(Data excerpts)

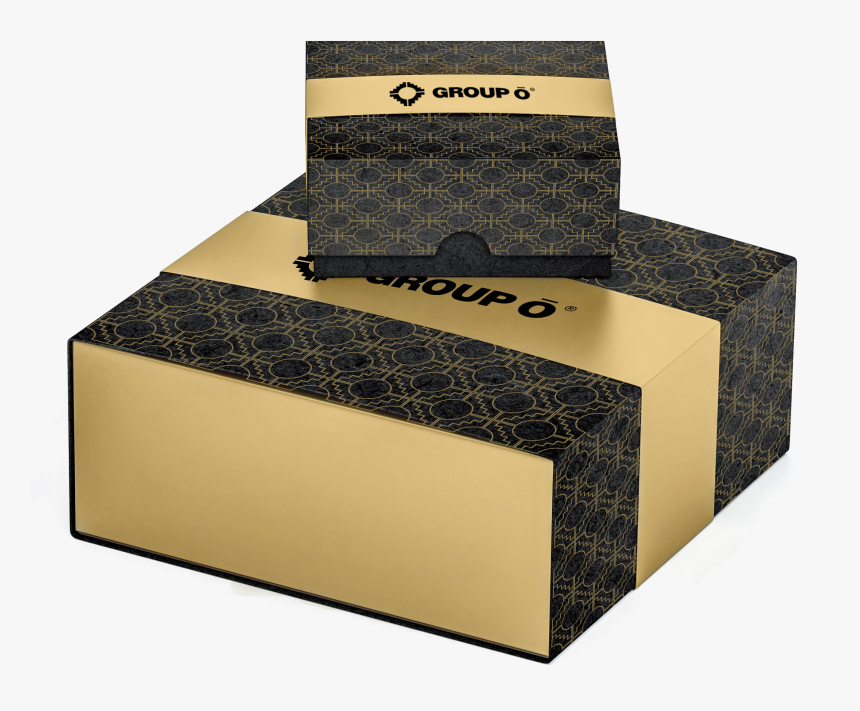 Black And Gold Group O Box - Black And Gold Packaging Box, HD Png Download, Free Download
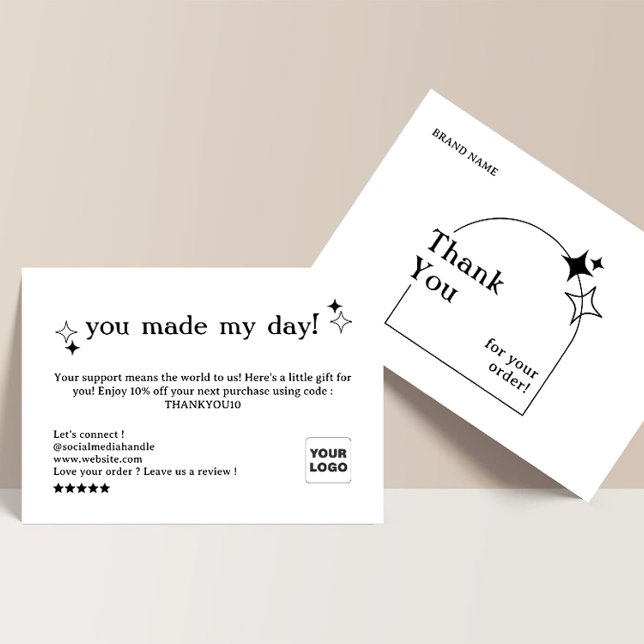 Carte de remerciements d'affaires Boho Arch (Créateur téléchargé)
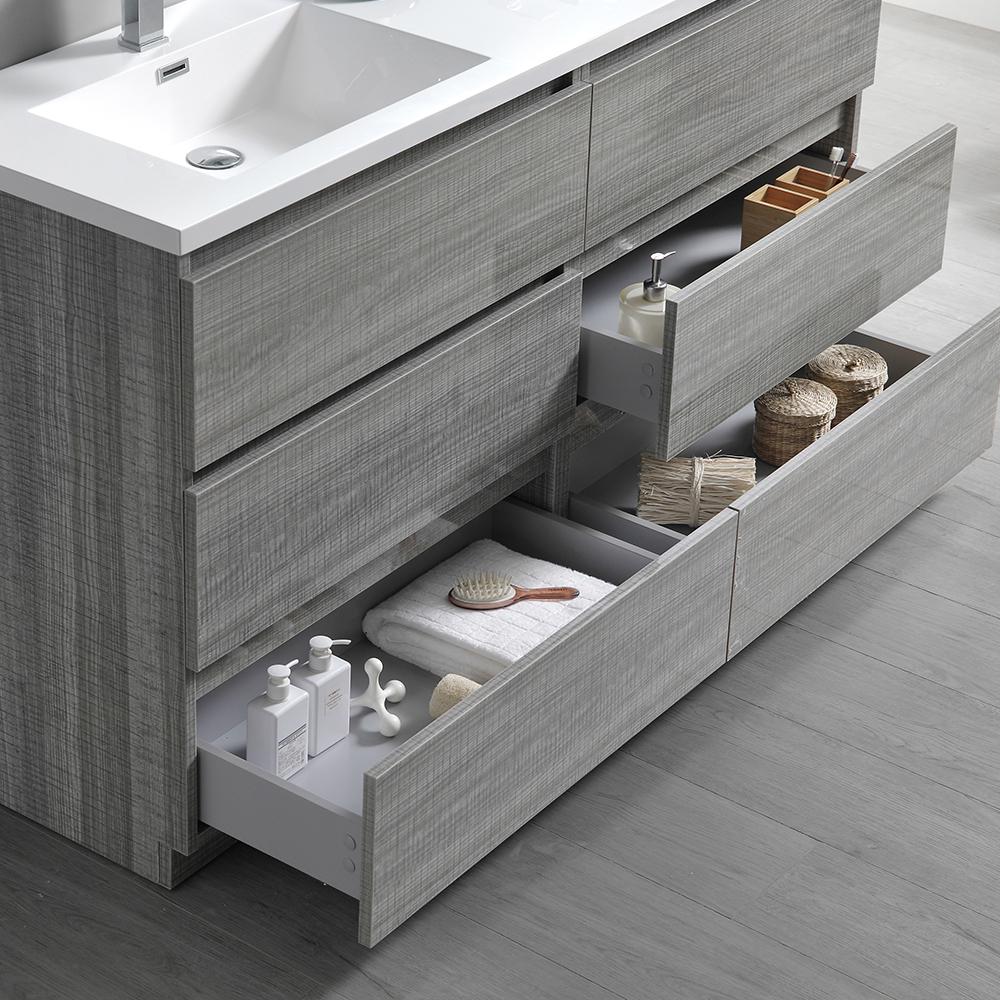Fresca Lazzaro 60" Free Standing Double Sink Modern Bathroom Vanity w/ Medicine Cabinet Vanity Fresca 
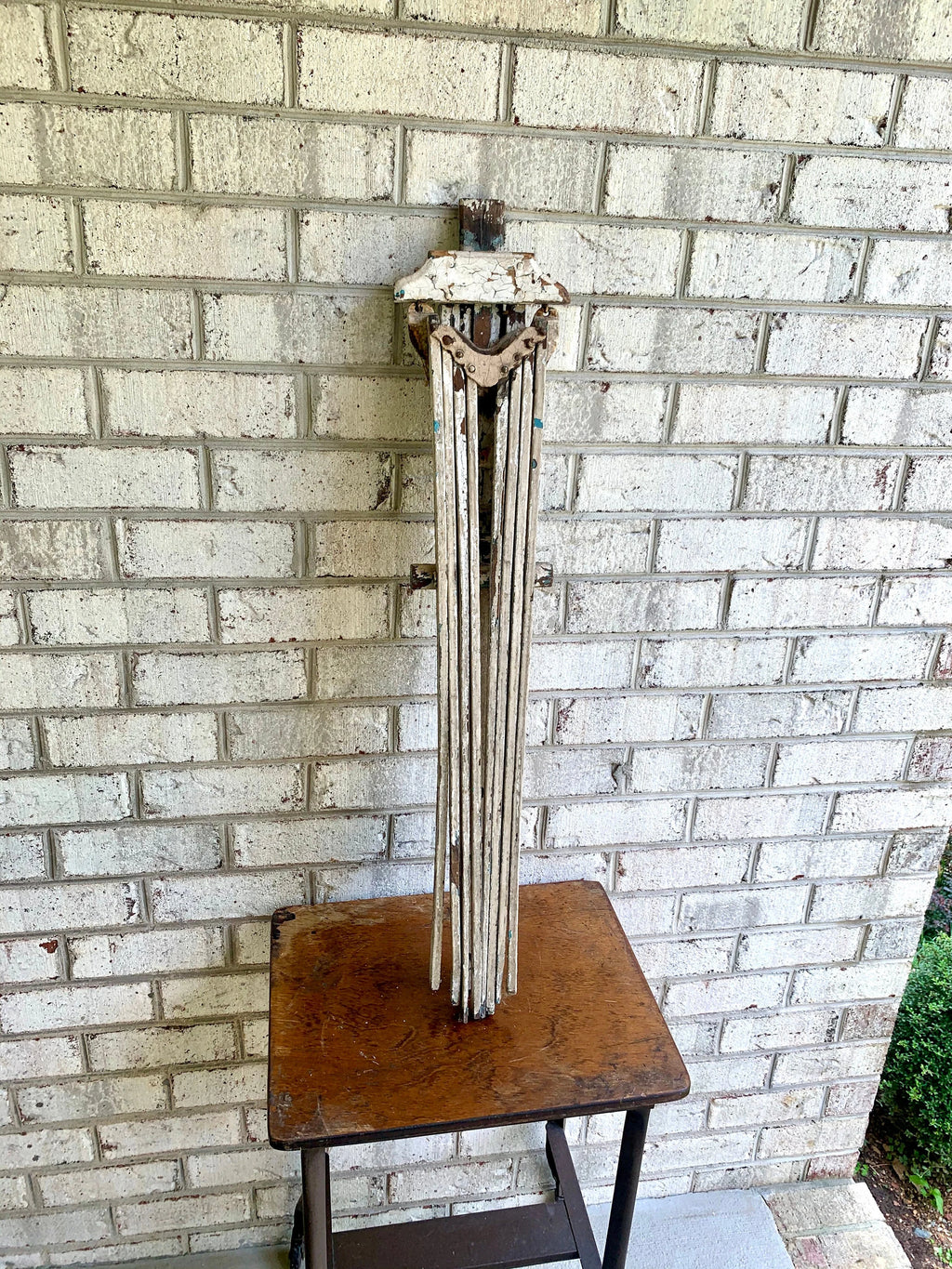 Late 1800's Distressed Clothes Drying Rack | L. Hopkins Wall Hanging Clothes Rack | Wooden Armed Clothes Rack| Chippy Paint Wood Towel Rack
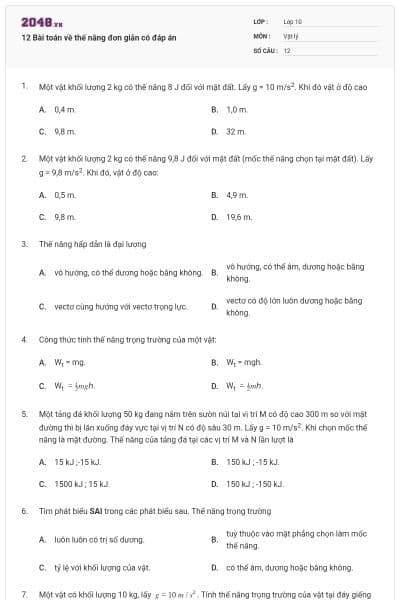 12 Bài toán về thế năng đơn giản có đáp án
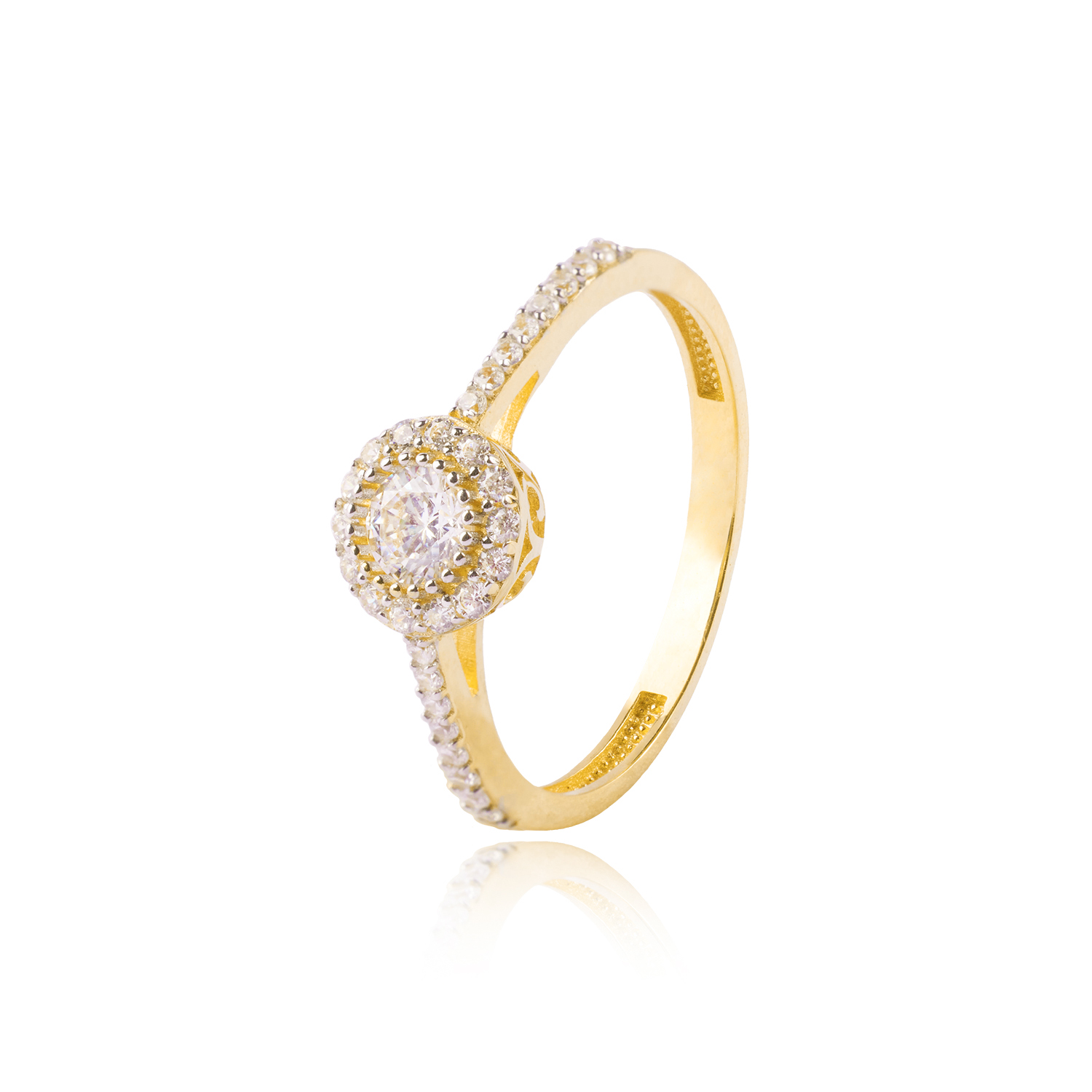 Anillo Compromiso de Oro 18Kt Circon Boton 1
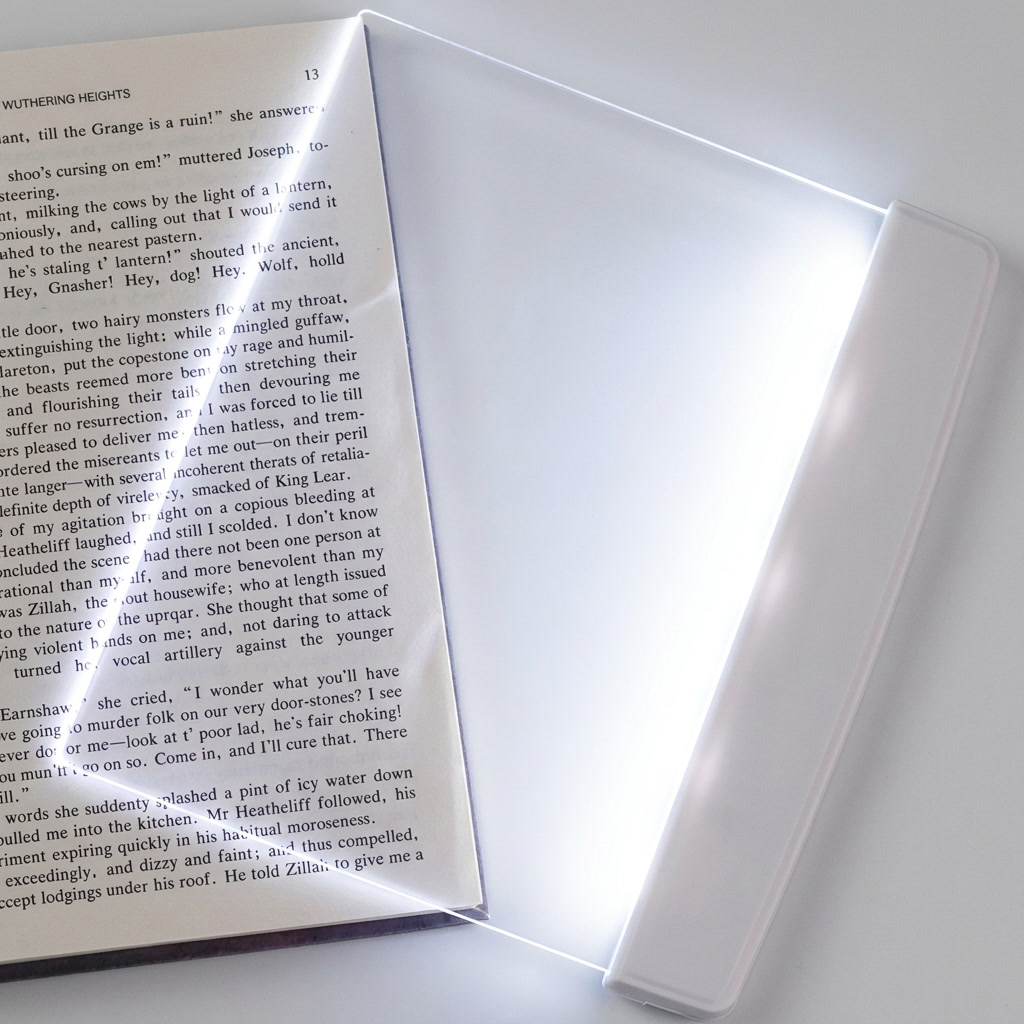 Fixless LED flat panel reading light laid over an open book page with edge-lit glow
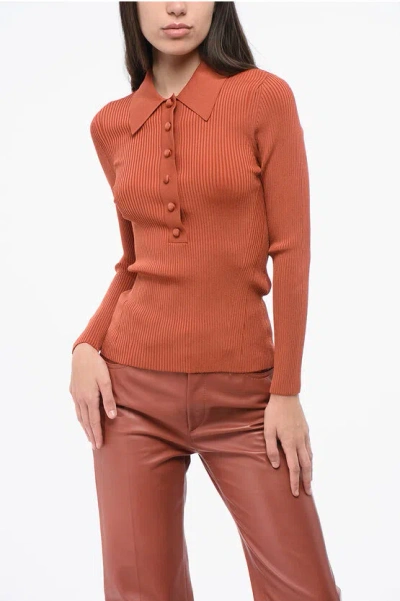 Zimmermann Ribbed Sweater With Polo Neck In Blue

■ **WORK ITEM**
An exact copy of the entries above, with no pictures, is the required answer.

■ **REPLY TO THE TASK**
 Black And Gold Group O Box - Black And Gold Packaging Box, HD Png Download, Free Download
 Carte de remerciements d'affaires Boho Arch (Créateur téléchargé)
Fresca Lazzaro 60" Free Standing Double Sink Modern Bathroom Vanity w/ Medicine Cabinet Vanity Fresca 
 Late 1800's Distressed Clothes Drying Rack | L. Hopkins Wall Hanging Clothes Rack | Wooden Armed Clothes Rack| Chippy Paint Wood Towel Rack
 12 Bài toán về thế năng đơn giản có đáp án
 Anillo Compromiso de Oro 18Kt Circon Boton 1
 Fixless LED flat panel reading light laid over an open book page with edge-lit glow
 Zimmermann Ribbed Sweater With Polo Neck In Blue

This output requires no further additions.